• ABOUT THIS EXERCISE: Print the data that follows exactly as it stands, from its first line through the line containing "Women blouse - Picture 6 of 8", and stop there.

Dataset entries
━━━
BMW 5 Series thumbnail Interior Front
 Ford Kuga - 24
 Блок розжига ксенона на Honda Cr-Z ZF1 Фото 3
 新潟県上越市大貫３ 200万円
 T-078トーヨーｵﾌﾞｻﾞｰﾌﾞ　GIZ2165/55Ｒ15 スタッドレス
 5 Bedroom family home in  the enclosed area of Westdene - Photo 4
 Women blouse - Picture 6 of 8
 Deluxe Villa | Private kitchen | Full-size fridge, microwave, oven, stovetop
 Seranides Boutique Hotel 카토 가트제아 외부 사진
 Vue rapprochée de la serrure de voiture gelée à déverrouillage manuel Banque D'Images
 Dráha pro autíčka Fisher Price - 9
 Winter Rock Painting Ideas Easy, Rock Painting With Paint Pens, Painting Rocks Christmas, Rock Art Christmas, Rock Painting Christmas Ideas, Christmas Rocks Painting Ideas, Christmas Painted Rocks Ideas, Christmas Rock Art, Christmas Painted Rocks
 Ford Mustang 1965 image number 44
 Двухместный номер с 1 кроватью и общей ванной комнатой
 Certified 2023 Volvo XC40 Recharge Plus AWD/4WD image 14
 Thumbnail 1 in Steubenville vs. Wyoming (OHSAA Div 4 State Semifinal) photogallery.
━━━
• TASK RESPONSE:
BMW 5 Series thumbnail Interior Front
 Ford Kuga - 24
 Блок розжига ксенона на Honda Cr-Z ZF1 Фото 3
 新潟県上越市大貫３ 200万円
 T-078トーヨーｵﾌﾞｻﾞｰﾌﾞ　GIZ2165/55Ｒ15 スタッドレス
 5 Bedroom family home in  the enclosed area of Westdene - Photo 4
 Women blouse - Picture 6 of 8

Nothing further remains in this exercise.